The hotel and I go way back.
I got to stay there in the late 70's when I was sent across the country by Rolling Stone to interview Dustin Hoffman for a story when "Kramer vs. Kramer" was about to open. I was smitten, mainly by the idea that I really didn't belong there but no one seemed to notice. I was eternally grateful that my true identity was never discovered. Then, in 1980 I arrived in Los Angeles from New York to work at the Los Angeles Times. The move was an experiment and I only expected to last a year at best, sure I would miss my beloved Manhattan. I remember being intrigued by some Los Angeles oddities: palm trees, blatant ostentation and the fact that in Beverly Hills you could put a penny into a parking meter and actually get some time for your money.
One of my favorite activities to aid in adjusting to my new city was to frequent the Beverly Hills Hotel. To me, that place epitomized Hollywood and, as Joni sang, its "star-making machinery". It represented a world so far from my own. I would never aspire to that lifestyle — the jewels, the outfits, the valet parkers, the assumption that you deserved to be catered to. It was the height of pretension, but I realized that, despite my very modest working woman's salary, I could pretend, and they would welcome me as one of their own. I could afford breakfast in the Polo Lounge, and people — and celebrity — watch for free. Like a true New Yorker, I could find street parking on the east side of the hotel and walk through the lush California gardens to breakfast. I could invite some other working-class stiffs for a drink in the Polo Lounge after work and pig out on lovely silver bowls of free guacamole that were placed on your little cocktail table as if you belonged there, no questions asked. I could have myself paged by the bellhops that still walked the aisles of the Polo Lounge simply by calling from the pay phone down the hall, and return to my table to impress my friends before my name was called. I could be a poser and who knew how many of the people sitting by my side were doing exactly the same thing?
As I descended the stairs to the Crystal Ballroom where the reception was held, all those feelings came flooding back. I was greeted by a phalanx of cocktail-bearing waiters in the hotel's signature crisp white jackets. They smiled warmly and offered drinks. Another set of hosts and hostesses proffered the elegant printed progam of the event's activities. Everyone nodded in welcome. The thick carpets and upholstered chairs absorbed the noise of the crowd's chatter. You were enveloped in the blanket of quiet and elegance under hugely ornate chandeliers, and I could feel the weight of the day's sad events disappear into thin air. In that ballroom, the outside world mattered not one whit.
With a little bit of pomp, a video from 20 years ago when the time capsule was put together, was shown. The aging stars of the day were captured there: Milton Berle, Tony Curtis, Charlton Heston. Each had a contribution to put in the capsule and today, each of those contributions was accounted for: Milton Berle's Cuban cigar, Heston's video of "America the Beautiful," a cocktail napkin signed by Curtis.

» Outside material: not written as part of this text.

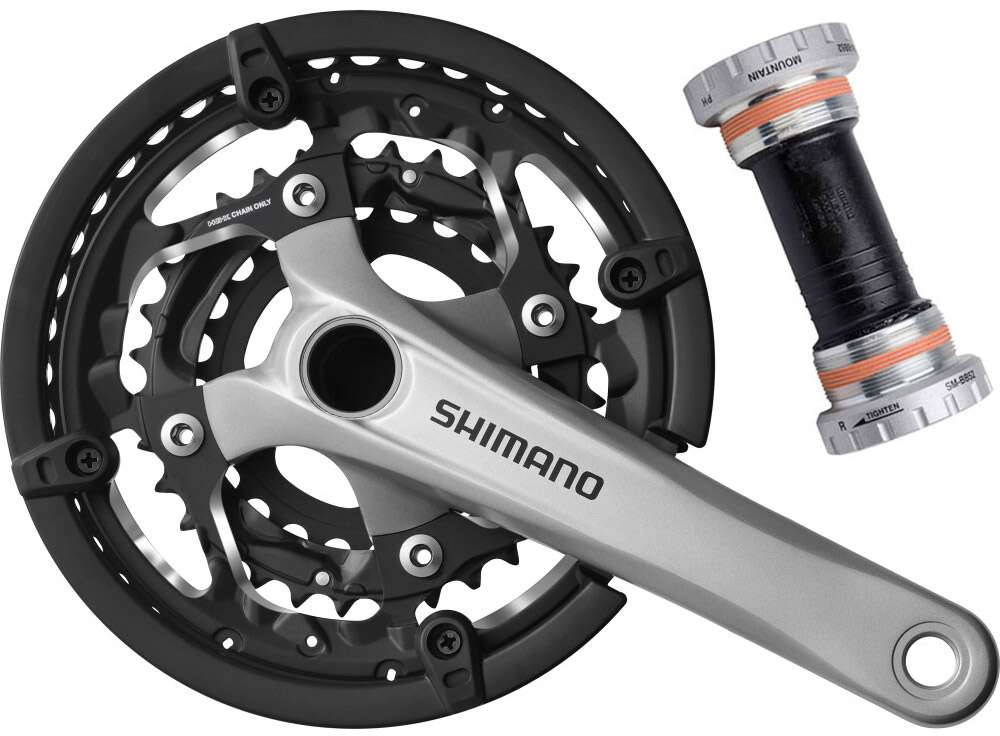 Shimano fc-t551 3x10-fach Kurbel 44 32 24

While the hotel is still the place of choice for many of Hollywood's big machers, things have changed a bit. The event I attended included few real celebrities. Dionne Warwick was the top biller, donating her newest CD for the new time capsule. All the other donors were business people, travel agents and such whose work lives and personal lives became intertwined with the hotel over the years.
The three employees who have worked at the hotel the longest were honored. All of them began their work lives there in their teens and have made a lifetime of serving the famous and not so famous who have walked through the hotel's doors.
Before everyone moved to the patio for drinks and hors d'oeuvres, the time capsule was closed. One item, for me, seemed sadly out of place. A digital photo album montage would be unearthed 20 years hence with images of today's very real world: Syria, Libya, gas prices and other reminders of modern society. I felt betrayed. In this beautifully constructed world of make believe, it just didn't seem right to have the real world intruding where it clearly didn't belong.